2012/2/9 Nick Cox <n.j.cox@durham.ac.uk>:
> As the purpose of each -summarize- is to find the minimum, and no more, each could be done -, meanonly-. As the -summarize-s are repeated, the speed-up may be discernible.
>
> Nick
> n.j.cox@durham.ac.uk
>
> Robert Picard
>
> That works. A better way is to break out of the loop:
>
> forvalues i = 1/`nobs2006' {
>        qui sum d
>        scalar mind = r(min)
>        if mi(mind) continue, break
>        qui sum id1 if d == mind
>        local bestid1 = r(min)
>        qui sum id2 if d == mind
>        local bestid2 = r(min)
>        qui replace matchid = `bestid2' if id1 == `bestid1'
>        qui replace matchd = mind if id1 == `bestid1'
>        qui replace d = . if id1 ==  `bestid1' | id2 ==  `bestid2'
>        dis "id1=" `bestid1' " matched " "id2=" `bestid2' " at d = " mind
> }
>
>>
>> ie.
>>
>> forvalues i = 1/`nobs2006' {
>>        qui sum d
>>                if r(N)!=0  {
>>        scalar mind = r(min)
>>        qui sum id1 if d == mind
>>        local bestid1 = r(min)
>>        qui sum id2 if d == mind
>>        local bestid2 = r(min)
>>        qui replace matchid = `bestid2' if id1 == `bestid1'
>>        qui replace matchd = mind if id1 == `bestid1'
>>        qui replace d = . if id1 ==  `bestid1' | id2 ==  `bestid2'
>>        dis "id1=" `bestid1' " matched " "id2=" `bestid2' " at d = " mind
>>           }
>>           }
>>
>> Am 9. Februar 2012 20:37 schrieb Rüdiger Vollmeier
>>> Thanks to Robert for this smart and elegant way of dealing with this problem.
>>>
>>> However, if there are less observations in 2010 than in 2006,
>>> matchid=1 is generated for all 2006 id=1 observations - even though
>>> there is no shortest distance associated with this id.
>>>
>>> What would be an equally elegant way of solving this problem?
>>>
>>> Ruediger.
>>>
>>>
>>>
>>>
>>> 2012/2/9 Robert Picard <picard@netbox.com>:
>>>> As I mentioned to you a few days ago, you do not need a special
>>>> program to find the nearest neighbors.

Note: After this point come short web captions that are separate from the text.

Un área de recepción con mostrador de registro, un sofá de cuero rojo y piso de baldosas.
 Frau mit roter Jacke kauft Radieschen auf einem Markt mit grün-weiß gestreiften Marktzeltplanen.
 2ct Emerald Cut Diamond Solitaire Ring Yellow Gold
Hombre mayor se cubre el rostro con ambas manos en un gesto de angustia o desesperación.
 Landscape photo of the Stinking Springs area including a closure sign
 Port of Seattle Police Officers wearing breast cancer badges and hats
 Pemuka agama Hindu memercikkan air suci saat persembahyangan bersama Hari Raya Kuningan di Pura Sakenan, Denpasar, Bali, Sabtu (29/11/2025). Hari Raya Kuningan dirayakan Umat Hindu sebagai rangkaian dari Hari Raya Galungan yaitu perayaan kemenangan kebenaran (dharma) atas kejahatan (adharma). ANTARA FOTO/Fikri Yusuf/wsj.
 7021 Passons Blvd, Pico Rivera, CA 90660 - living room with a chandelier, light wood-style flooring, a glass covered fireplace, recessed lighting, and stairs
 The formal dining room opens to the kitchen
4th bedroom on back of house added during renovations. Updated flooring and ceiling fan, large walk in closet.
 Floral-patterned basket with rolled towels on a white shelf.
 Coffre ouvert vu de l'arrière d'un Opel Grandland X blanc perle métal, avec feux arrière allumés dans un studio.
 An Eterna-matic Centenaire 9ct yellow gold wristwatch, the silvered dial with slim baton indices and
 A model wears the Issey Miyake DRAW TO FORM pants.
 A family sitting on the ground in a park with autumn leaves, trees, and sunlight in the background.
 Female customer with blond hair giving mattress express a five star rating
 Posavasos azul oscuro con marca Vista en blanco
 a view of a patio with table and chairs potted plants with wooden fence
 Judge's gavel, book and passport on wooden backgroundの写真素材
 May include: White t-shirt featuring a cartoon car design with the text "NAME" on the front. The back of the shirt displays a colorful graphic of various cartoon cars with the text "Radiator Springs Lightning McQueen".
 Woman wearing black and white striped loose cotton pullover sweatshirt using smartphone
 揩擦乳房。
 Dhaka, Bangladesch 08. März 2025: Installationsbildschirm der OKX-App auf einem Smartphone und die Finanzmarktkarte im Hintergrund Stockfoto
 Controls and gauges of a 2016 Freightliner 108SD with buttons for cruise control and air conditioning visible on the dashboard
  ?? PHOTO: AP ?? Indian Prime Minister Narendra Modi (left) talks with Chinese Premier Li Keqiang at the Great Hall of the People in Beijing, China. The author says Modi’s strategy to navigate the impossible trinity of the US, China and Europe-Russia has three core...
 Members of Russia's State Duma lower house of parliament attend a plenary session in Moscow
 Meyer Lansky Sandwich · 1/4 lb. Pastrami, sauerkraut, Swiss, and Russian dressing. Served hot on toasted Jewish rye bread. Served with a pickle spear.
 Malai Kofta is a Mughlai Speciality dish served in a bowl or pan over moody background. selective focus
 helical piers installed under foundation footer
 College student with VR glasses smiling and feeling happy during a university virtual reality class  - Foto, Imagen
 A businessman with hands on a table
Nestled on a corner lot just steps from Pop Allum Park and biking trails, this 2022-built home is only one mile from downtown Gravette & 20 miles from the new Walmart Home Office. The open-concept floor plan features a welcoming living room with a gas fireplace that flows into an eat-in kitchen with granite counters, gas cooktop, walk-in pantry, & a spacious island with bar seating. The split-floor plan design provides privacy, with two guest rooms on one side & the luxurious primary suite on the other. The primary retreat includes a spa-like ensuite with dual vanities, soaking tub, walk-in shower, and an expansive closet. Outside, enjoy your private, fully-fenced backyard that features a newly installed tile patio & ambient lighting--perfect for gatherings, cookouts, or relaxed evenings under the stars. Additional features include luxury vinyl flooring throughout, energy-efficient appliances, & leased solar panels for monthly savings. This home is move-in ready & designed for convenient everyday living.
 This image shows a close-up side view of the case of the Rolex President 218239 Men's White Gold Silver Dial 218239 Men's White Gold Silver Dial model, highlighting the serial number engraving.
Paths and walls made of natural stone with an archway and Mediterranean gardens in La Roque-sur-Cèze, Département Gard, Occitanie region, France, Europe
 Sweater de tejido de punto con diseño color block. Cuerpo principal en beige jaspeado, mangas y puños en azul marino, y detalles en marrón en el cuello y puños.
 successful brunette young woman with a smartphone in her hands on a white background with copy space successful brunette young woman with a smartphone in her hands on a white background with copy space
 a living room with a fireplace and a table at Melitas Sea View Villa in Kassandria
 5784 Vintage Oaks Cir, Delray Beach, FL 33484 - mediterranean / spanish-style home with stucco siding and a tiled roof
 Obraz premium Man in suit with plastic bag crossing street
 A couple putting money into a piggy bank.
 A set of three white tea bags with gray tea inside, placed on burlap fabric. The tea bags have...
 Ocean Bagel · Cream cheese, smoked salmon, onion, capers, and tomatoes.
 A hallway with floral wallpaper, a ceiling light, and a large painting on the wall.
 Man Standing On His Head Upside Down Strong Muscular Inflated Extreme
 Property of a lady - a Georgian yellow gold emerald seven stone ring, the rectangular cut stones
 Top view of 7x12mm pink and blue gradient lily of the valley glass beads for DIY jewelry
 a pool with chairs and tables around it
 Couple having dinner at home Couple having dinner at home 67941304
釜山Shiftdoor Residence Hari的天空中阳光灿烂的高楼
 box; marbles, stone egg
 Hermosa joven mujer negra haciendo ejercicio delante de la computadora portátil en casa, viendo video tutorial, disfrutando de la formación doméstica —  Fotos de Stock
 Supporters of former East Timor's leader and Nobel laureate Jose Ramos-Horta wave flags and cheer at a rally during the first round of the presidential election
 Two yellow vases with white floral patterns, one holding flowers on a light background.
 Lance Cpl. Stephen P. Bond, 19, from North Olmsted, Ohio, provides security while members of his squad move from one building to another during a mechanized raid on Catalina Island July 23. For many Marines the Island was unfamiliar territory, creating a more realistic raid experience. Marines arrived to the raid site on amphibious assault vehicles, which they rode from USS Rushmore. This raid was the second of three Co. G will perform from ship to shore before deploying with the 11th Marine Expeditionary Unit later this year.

You can simply use -cross- to
>>>> form all pairwise combination of 2006 and 2010 observations, compute
>>>> all the distances, and then sort. I've added some code that does, I
>>>> think, the matching you describe.
>>>>
>>>> Robert
>>>>
>>>> *----------- begin example -------------
>>>> version 12
>>>>
>>>> set seed 1234
>>>>
>>>> * save 2010 observations separately
>>>> clear
>>>> set obs 10
>>>> gen id2 = _n
>>>> gen lat2 = 40 + runiform() * 5
>>>> gen lon2 = 19 + runiform() * 5
>>>> tempfile y2010
>>>> save "`y2010'"
>>>>
>>>> * create 7 obs for 2006
>>>> clear
>>>> local nobs2006 7
>>>> set obs `nobs2006'
>>>> gen id1 = _n
>>>> gen lat1 = 40 + runiform() * 5
>>>> gen lon1 = 19 + runiform() * 5
>>>>
>>>> * form all pairwise combinations and compute distance
>>>> cross using "`y2010'"
>>>> * user-written program, to install: ssc install geodist
>>>> geodist lat1 lon1 lat2 lon2, gen(d)
>>>>
>>>>
>>>> gen d0 = d
>>>> gen matchid = .
>>>> gen matchd = .
>>>>
>>>> forvalues i = 1/`nobs2006' {
>>>>        qui sum d
>>>>        scalar mind = r(min)
>>>>        qui sum id1 if d == mind
>>>>        local bestid1 = r(min)
>>>>        qui sum id2 if d == mind
>>>>        local bestid2 = r(min)
>>>>        qui replace matchid = `bestid2' if id1 == `bestid1'
>>>>        qui replace matchd = mind if id1 == `bestid1'
>>>>        qui replace d = . if id1 ==  `bestid1' | id2 ==  `bestid2'
>>>>        dis "id1=" `bestid1' " matched " "id2=" `bestid2' " at d = " mind
>>>> }
>>>>
>>>> sort id1 d0 id2
>>>>
>>>> *------------ end example --------------
>>>>
>>>>
>>>>
>>>>> Hello guys,
>>>>>
>>>>> I want to match observations in each observation in a given year with
>>>>> one observation in another year based on the shortest geographical
>>>>> distance between them given the latitudes and longitudes of each
>>>>> observation.
>>>>>
>>>>> I.e. the simplified structure of the dataset looks as follows:
>>>>>
>>>>> id      year       longitude    latitude
>>>>> 1       2006      19.923                40.794
>>>>> 2       2006   19.949           40.711
>>>>> 1       2010      19.940                40.721
>>>>> 2       2010      22.001                50.122
>>>>>
>>>>> Hence, I would like to match each observation in 2006 with the one
>>>>> observation in 2010 that is closest AND that had not been matched to
>>>>> any observation in 2006 before.
>>>>>
>>>>> The previously discussed -nearstat- command (thanks to Wilner!) cannot
>>>>> be applied directly to this problem as it could match the same
>>>>> observation in 2010 with multiple observations in 2006 (i.e. in this
>>>>> example, the year 2010 observation with id 1 is closest to both
>>>>> observations in 2006 - and hence would be matched).
>>>>>
>>>>> Does anybody have an idea for a nice solution or is there even a
>>>>> command out there that would match based on distance given the
>>>>> latitudes and longitudes?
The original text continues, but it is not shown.